Well it *is* WSU so it's sort of a college town… :whistling2:


----------



## slinger58 (Feb 11, 2013)

oldpaintdoc said:


> And that's one of the things I like about myself the least!
> 
> Always Trust Your Cape !


Gotta love ya for your honesty, OPD. I've always respected your posts and wished that you posted more.

Now that old banjo in your avatar is what caught my eye from the get-go, but there I go profiling again!:thumbup:


----------



## RH (Sep 7, 2010)

Ole34 said:


> Profiling is an integral part of human survival ..


For instance, I originally had you profiled as a beer swilling, gun totting, big dog loving sort of guy.

But in reality, I know from others that you prefer a vintage sherry, enjoy crocheting and stamp collecting, and own a Sh*tzu with a bow on it's head. See how profiling can be so very, very misleading. :yes:


----------



## Gough (Nov 24, 2010)

RH said:


> Well it *is* WSU so it's sort of a college town… :whistling2:


RH, that's what the computer people call an "off-by-one error". Remember, close only counts in two things.


----------



## slinger58 (Feb 11, 2013)

RH said:


> For instance, I originally had you profiled as a beer swilling, gun totting, big dog loving sort of guy.
> 
> But in reality, I know from others that you prefer a vintage sherry, enjoy crocheting and stamp collecting, and own a Sh*tzu with a bow on it's head.

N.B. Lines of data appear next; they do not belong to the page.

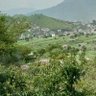 Фото профиля ايمن الرفاعي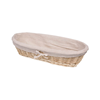 cz pim 734774001001 00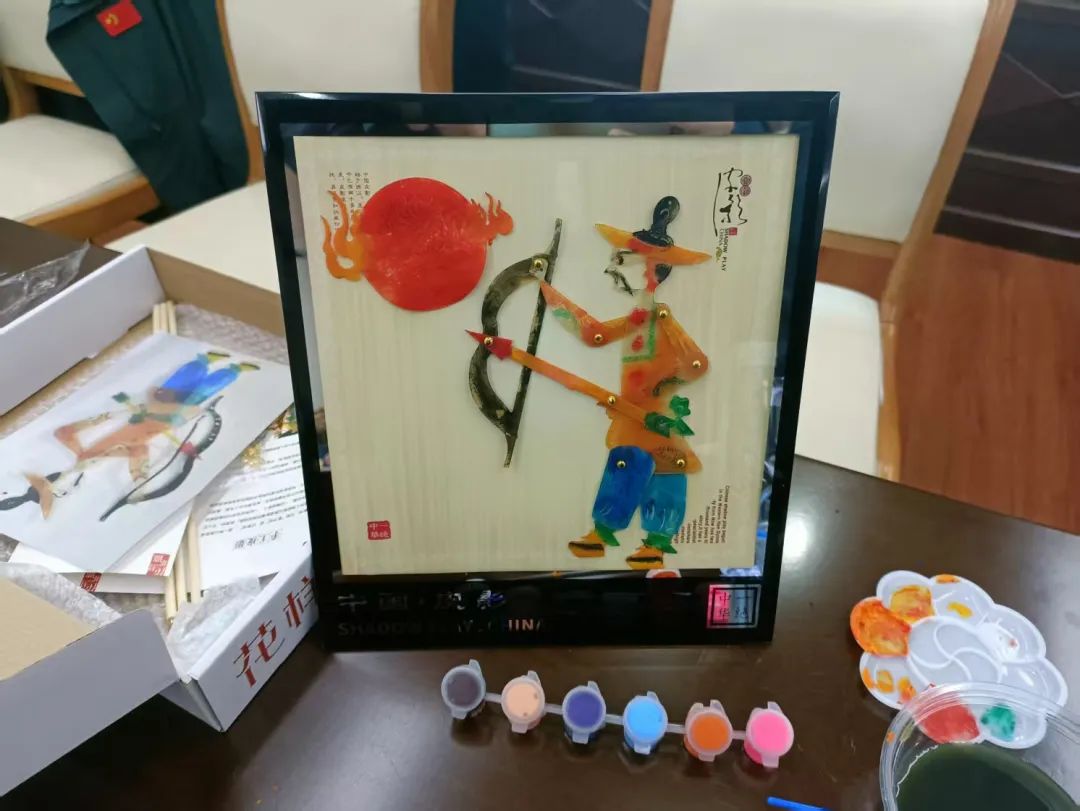 圖片關(guān)鍵詞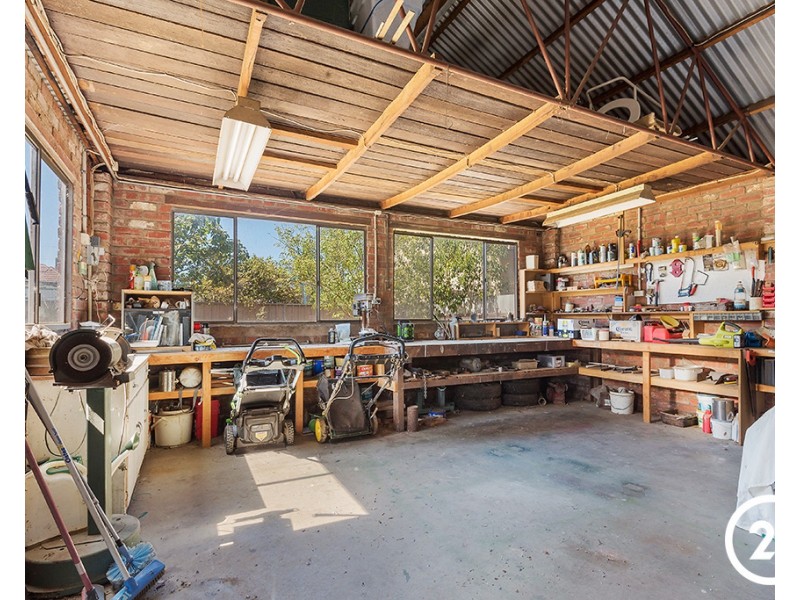 7 Haverfield Street, Echuca VIC 3564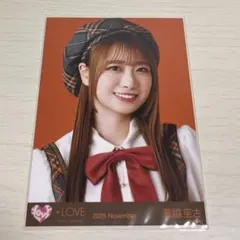 2026年最新】大場花菜 直筆の人気アイテム - メルカリ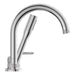 1062370000 Bathroom/Bathroom Tub & Shower Faucets/Roman Tub Faucets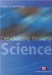 Developing Primary Science cover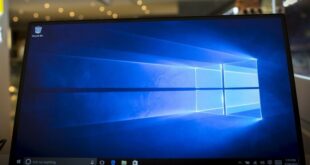 تحديث لنظام ويندوز يتسبب بظهور "شاشة الموت الزرقاء" في الحواسب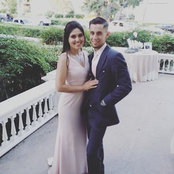 Jessica C's photo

See how profiling can be so very, very misleading. :yes:


I would like to see a picture of that.

And I'm sure many others would, too.


----------



## slinger58 (Feb 11, 2013)

Gough said:


> RH, that's what the computer people call an "off-by-one error". Remember, close only counts in two things.

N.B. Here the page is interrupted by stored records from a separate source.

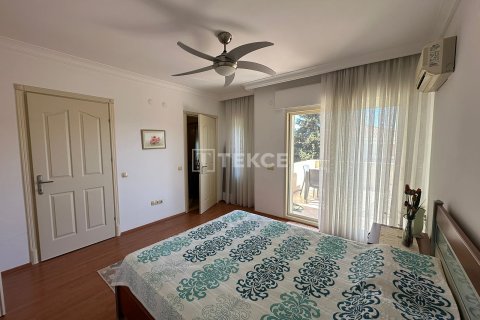 3+1 Villa i Cesme, Izmir, Turkiet Nr. 224793 - 29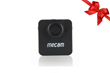 MeCam Offers New HD Camera Through Holiday Special $100 Off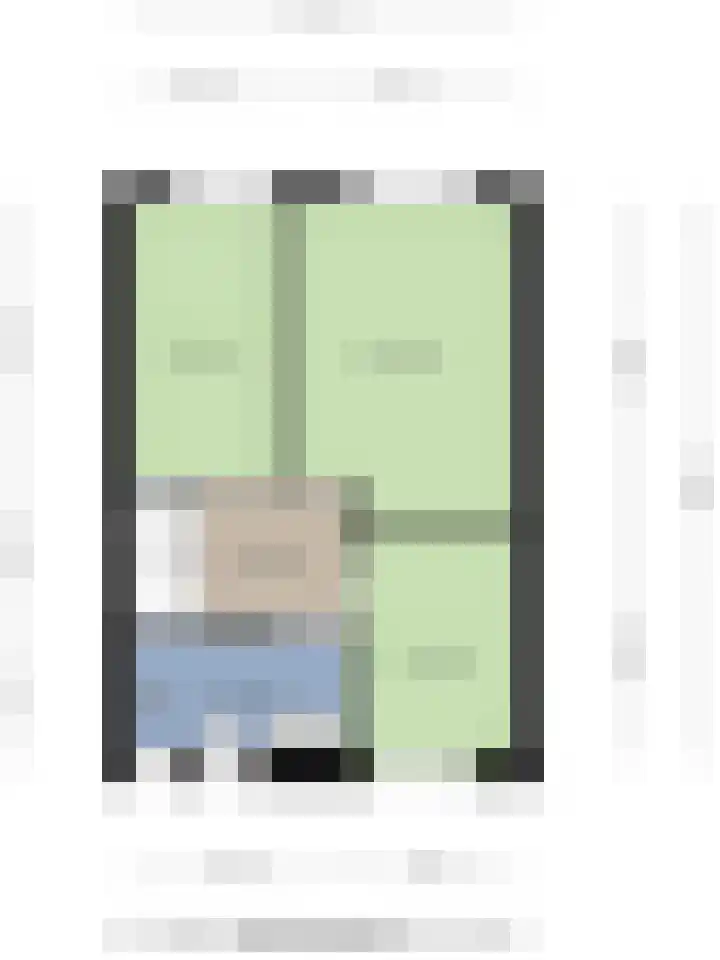 Beeklaan 7 Tilburg thumbnail 50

I'm starting to think that with Gough and RH untethered now, this place may not be the same as it was a year ago. :no:


----------



## Gough (Nov 24, 2010)

slinger58 said:


> Gotta love ya for your honesty, OPD. I've always respected your posts and wished that you posted more.
> 
> Now that old banjo in your avatar is what caught my eye from the get-go, but there I go profiling again!:thumbup:


Slinger, for ten trivia points, can you tell me whose banjo it is?? For a hint: it's practically in Current Events.


----------



## MHPaint (Feb 12, 2014)

I let my guys with any of those work in the housing construction since there is no HO around. But for the remodeling jobs i make sure my crew is clean and punctual when HO is there. always want the HO to feel comfortable. Not everyone with tattoos and long hair are bad.


----------



## Repaint Florida (May 31, 2012)

a beer swilling, gun totting, big dog loving sort of guy ...

leave me out of this


----------



## slinger58 (Feb 11, 2013)

Gough said:


> Slinger, for ten trivia points, can you tell me whose banjo it is?? For a hint: it's practically in Current Events.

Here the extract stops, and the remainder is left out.